Polymerization of SAM domains is essential for the repressive functions of both Yan and TEL. Moreover, the SAM domains of the unrelated polycomb group transcriptional repressors, Ph and Scm, also form polymers. This polymerization could be used to generate a large transcriptionally silenced chromosomal domain. In the case of repression by TEL and Yan, the SAM domain-containing factor also contains a sequence-specific DNA binding domain, namely the ETS domain. Binding of Yan and TEL to specific sites via the ETS domain could serve to nucleate a polymer, which would then spread by the oligomerization of the SAM domain. In contrast, Ph and Scm do not contain obvious sequence-specific DNA binding motifs, so their initial binding to the template may require protein-protein interactions with other sequence-specific transcriptional repressors. For example, the job of the polycomb group proteins is to maintain the repressed transcriptional state established by segmentation gene-encoded transcriptional repressors such as Hunchback. Perhaps one role of the segmentation gene-encoded repressors is to recruit (either directly or indirectly) SAM domain-containing polycomb group proteins, which can then spread along the template via polymerization. In support of this idea, the polymeric SAM domain of Scm is essential for long range repression (Qiao, 2004 and references therein).

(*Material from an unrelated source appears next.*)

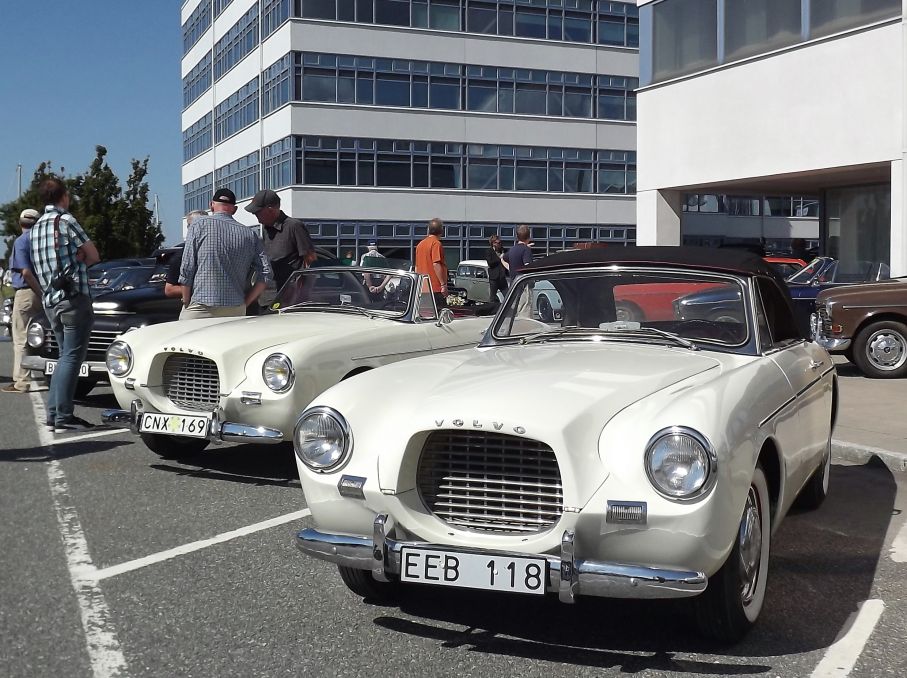 Mer Volvo sport som hette just Volvo Sport, men kallas oftast ändå för P1900, två stycken gästade VROM denna lördag.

Spreading perhaps via corepressor polymerization has also been implicated in heterochromatic silencing. For example, telomeric silencing in budding yeast by the Sir3/Sir4 corepressors and centromeric silencing in fission yeast, Drosophila, vertebrates, and plants by HP1/Swi6 corepressors may involve corepressor spreading. In the absence of appropriate boundary elements, and/or in the presence of abnormally high concentrations of the corepressors, increased spreading results in the silencing of genes in the adjacent euchromatic regions. The precise mechanism of spreading in these systems remains unknown, although polymerization seems to be a likely mechanism for this type of long range repression (Qiao, 2004).

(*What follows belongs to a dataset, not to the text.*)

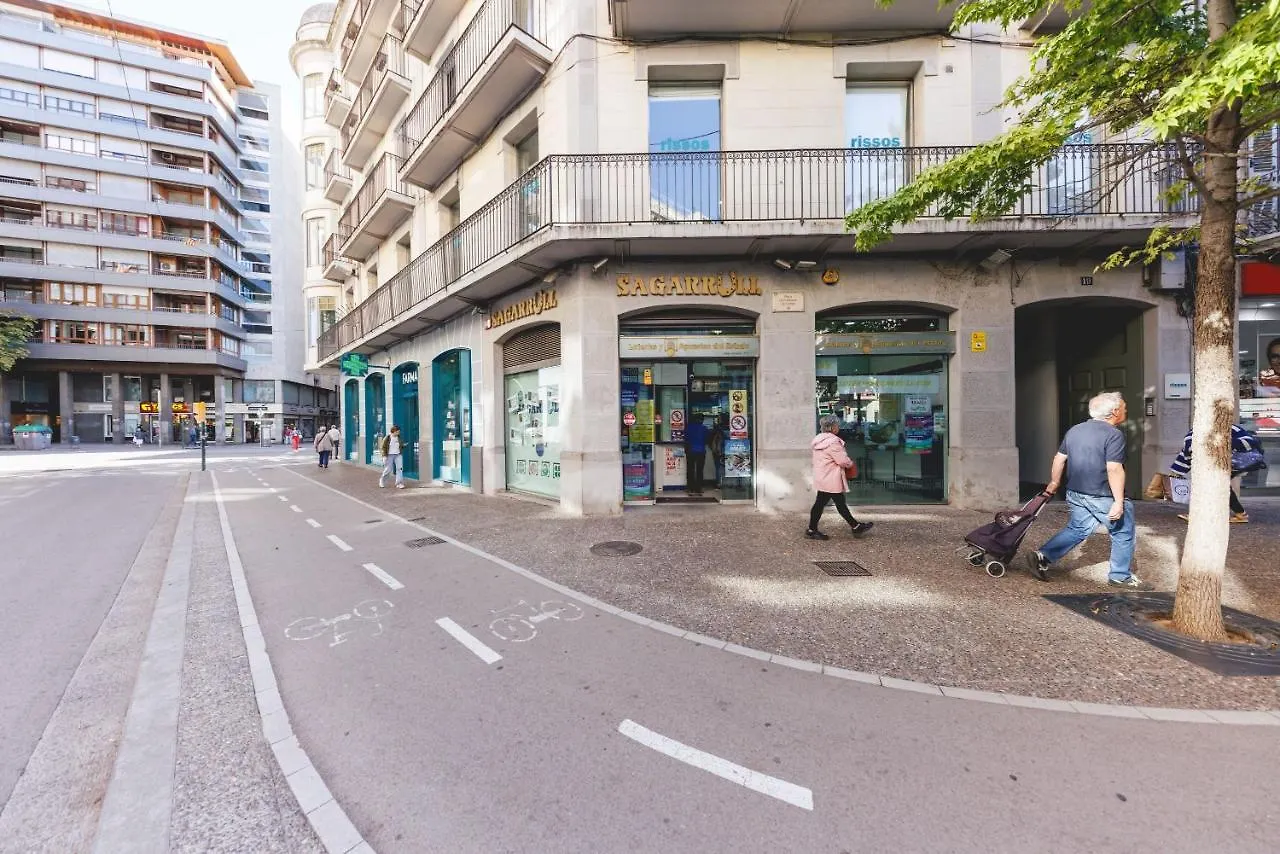 ז'ירונה Bravissimo Marques De Camps, 3-Bedroom Apartment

To the extent that polymerization is utilized in gene silencing, mechanisms for regulating the extent of polymerization must exist in the cell. The current results demonstrate that one mechanism for regulating the extent of polymerization is to utilize a protein that can only bind to one end of the polymer, which effectively blocks further extension. Thus, the results provide initial structural insight into what may prove to be a common mechanism in the regulation of polymeric transcriptional repressors (Qiao, 2004).

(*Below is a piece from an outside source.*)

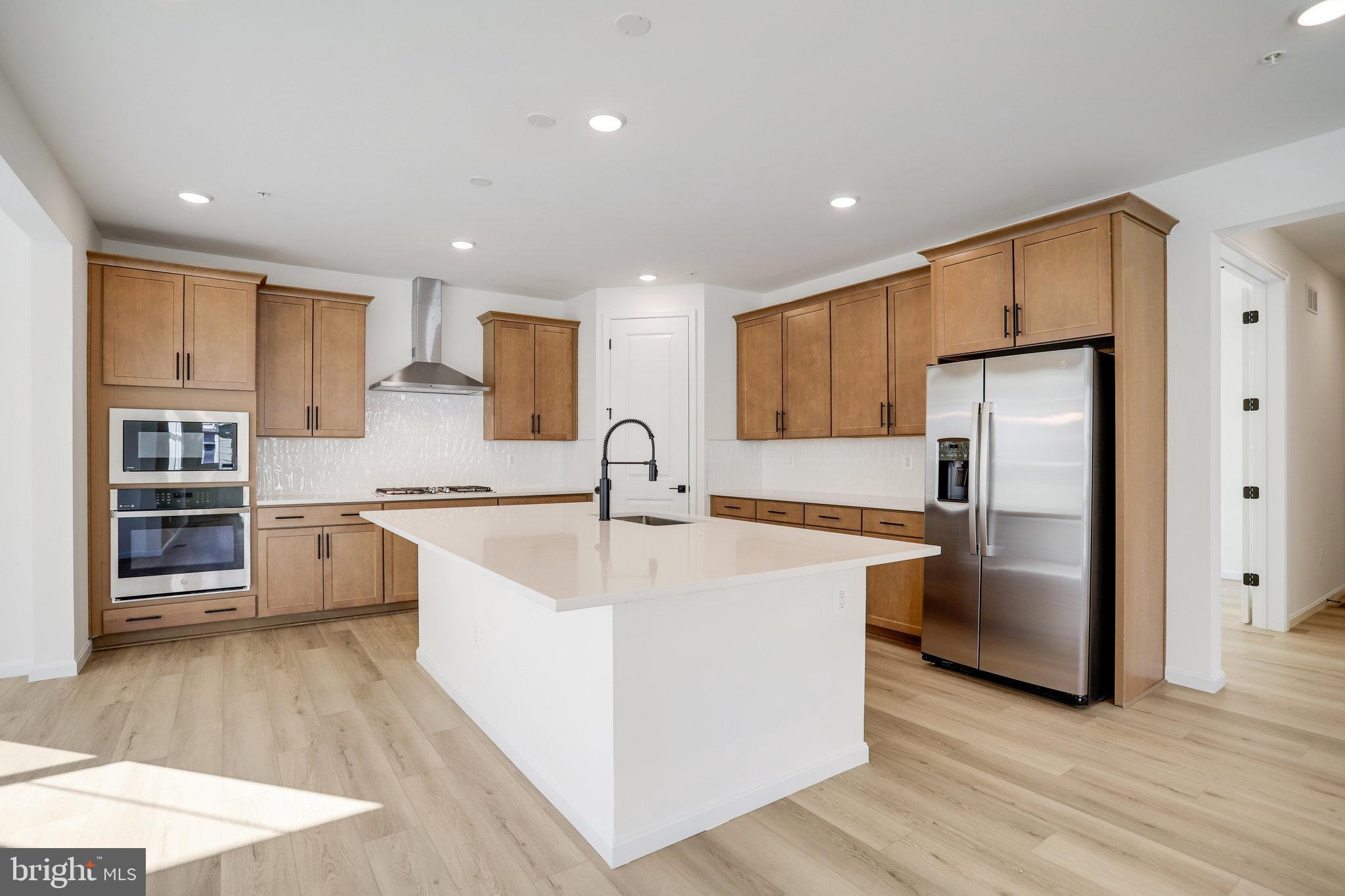 ROBERTS CROSSING - Residential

One important feature of Yan-mediated silencing distinguishes it from both polycomb silencing and heterochromatic silencing. Both polycomb and heterochromatic silencing represent epigenetically stable states that are normally maintained throughout the lifetime of an organism and even from one generation to the next. In contrast, Yan-mediated silencing is a comparatively unstable state that must be rapidly reversed during the normal developmental cycle in response to RTK activation. It is speculated that, by limiting the extent of Yan polymerization, Mae may help to generate a state in which targets of Yan repression are poised for rapid derepression (Qiao, 2004).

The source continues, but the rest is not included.